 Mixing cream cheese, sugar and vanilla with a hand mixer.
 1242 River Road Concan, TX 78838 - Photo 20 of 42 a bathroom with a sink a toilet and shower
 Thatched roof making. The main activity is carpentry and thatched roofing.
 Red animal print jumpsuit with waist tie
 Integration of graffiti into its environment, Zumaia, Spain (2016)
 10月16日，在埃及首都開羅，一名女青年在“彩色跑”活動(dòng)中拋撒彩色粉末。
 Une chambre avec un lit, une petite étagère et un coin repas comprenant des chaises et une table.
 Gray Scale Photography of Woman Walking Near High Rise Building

Exercise => Return exactly the lines of the listing that run from the one containing "Integration of graffiti" through the last, and no others.

Reply to the task =>
 Integration of graffiti into its environment, Zumaia, Spain (2016)
 10月16日，在埃及首都開羅，一名女青年在“彩色跑”活動(dòng)中拋撒彩色粉末。
 Une chambre avec un lit, une petite étagère et un coin repas comprenant des chaises et une table.
 Gray Scale Photography of Woman Walking Near High Rise Building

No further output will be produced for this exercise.